Varun asked me some details on a database access layer. This post is an attempt to introduce developers to the complex field of Object Relational(OR) Mapping. I conducted a presentation on this subject with reference to EF internal frameworks. I have also given a set of links at the end.
For the purpose of this article let us consider that we are asked to design the middle tier and database structure of an online book store. A customer can order different books in multiple quantities. There is a Customer table; an Order table linked to the Customer; a Book_lkp table that contains the list of books displayed in the website. A Customer places multiple Orders of different books.
The Middle Tier has to provide the ability to:
1. Load a set of books for display
2. Load a Customer data
3. Save an Order for a Customer
One of the ways to design a data access layer for the above problem (in .NET) is:
Load a Dataset with the Customer and Orders and then save after making changes.
This approach is fine for simple websites - but you have to handle business logic in a set of external classes. Strongly Typed Datasets help you add type safety.
The problem with the simple approach is that for complex websites with intricate relations, your business logic will be very distributed and incoherent.
Typically your middle tier should model your business - you will need an object model. Unfortunately, databases are relational. They are not object based. For example, databases do not capture inheritance. In the above example, let us say a Customer can be a corporation also. In the middle tier, you can describe a Customer base class and derive an Individual class and a Corporate class from it. It is difficult to do this in a databse structure. Databases also do not have object identity; they do not handle relations intrinsically.
So, fundamentally, a relational database represents data and its relations completely differently from a object model. The Middle tier needs a good object model. Therefore, the problem is to map the object data to relational data. This is the problem that Object Relational mapping patterns try to solve.
One of the patterns for solving this problem is called Active Record.
Active RecordWhen you use this pattern, you decide that your object model in the middle tier is going to mirror the database model - that is for every table you create a class and then handle foreign key relations through child collections.
So, in the Book Store example above, you will have a Customer class, an Order class and Product class. The Customer class will have a child collection of Orders.
When you use Active Record, each class is responsible for saving and loading itself. The Customer communicates with Customer table, Order with Order table and so forth.
Commonly, in frameworks, the code for these classes are generated from the database itself. For example, a Customer class will be generated with a property for each column in the Customer table. Also, since you do not want to embed the actual mechanism of communicating with the database in each class, all these classes will derive from a base class - which handles the connections and executes the queries. (Ruby on Rails uses this pattern).
Using this pattern, you will first start with a database design and you will not spend much time on an object model design.
Since the database structure is replicated in the middle tier, the design of your object model cannot include the subtleties of a pure object model.
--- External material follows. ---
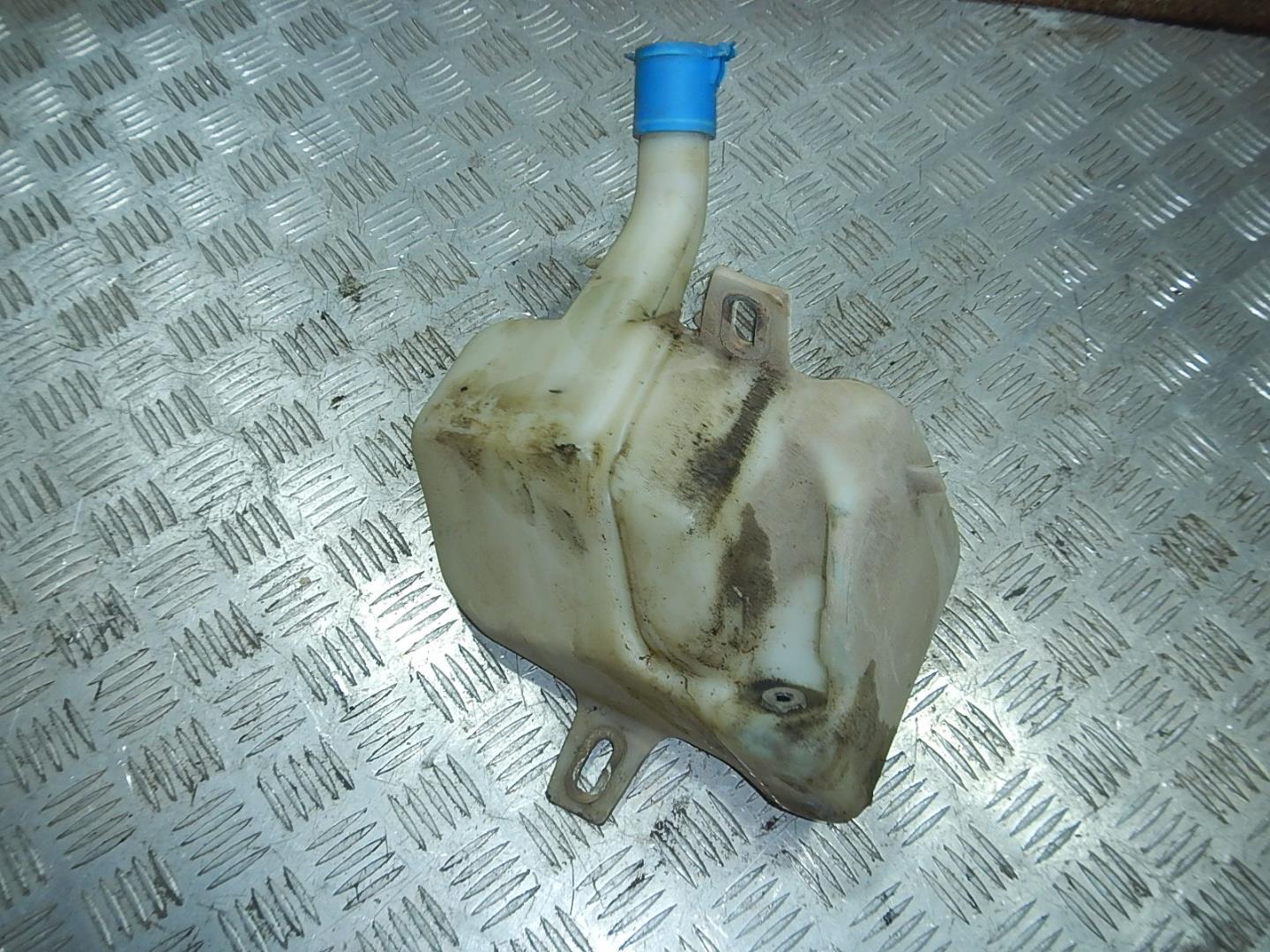 Бачок омывателя лобового стекла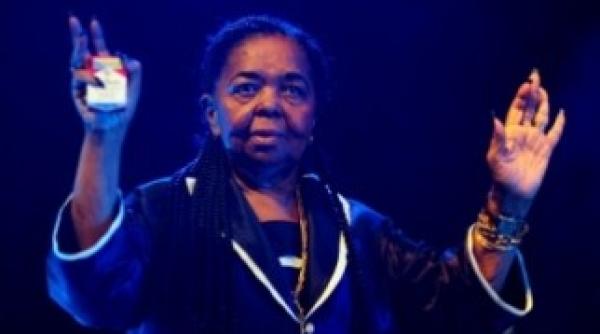 cesaria evora ar fi trebuit sa cante pe 5 octombrie la bucuresti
For example, Active Record makes subclassing difficult to handle.
If you are a purist and do want to design a object model that mirrors your business instead of the database, you can use another set of patterns called Mapper.
Data MapperWhen you design an object model independent of your database model, you will still want some mechanism of saving the data to the database. Using Mapper, it is the responsibility of external classes to "map" your object structure to the database. The Mappers will handle database access and executing queries.
In the above example with the Individual and Corporate classes, you will write a base mapper for the Customer class and then derive a mapper each for the Individual and Corporate classes. The Individual and Corporate classes themselves will have no knowledge of the database. They can contain business logic; but they will be passed to their Mapper classes for saving and loading. The mappers would contain the logic to map the properties to columns. The mappers will contain the database stored procedure names, typically.
Contrast this with Active Record where the mapping is done by the middle tier objects themselves.
One way to understand this is to contrast the code given below. In the first line, a Customer object saves itself. In the second, a mapper saves the Customer object:
Customer c = new Customer();
c.name = "Ram";
c.save();
Customer
c = new Customer();
c.name = "Ram";
CustomerMapper.Save(c);
OR mapping has different shades of the above patterns. There are many open source OR mapper frameworks such as Hibernate. All of them promise configuration driven mapping; but Ted Neward and others think there cannot be a perfect mapper and that each of these need some customization. Ted Neward has even compared OR mapping to the Vietnam war
here.
There are lot more details in the Wikipedia article
here.
Developing your own mapper framework is not an easy task. You may be better off working with an open source framework or use Active Record with code generation.
There a whole set of patterns related to these mappers such as Lazy Loader (for loading child collections at the point of usage); Assembler (for assembling the objects); Separated Interface (for isolating the mappers). The best book reference for these is "Patterns of Enterprise Application Architecture" by Martin Fowler.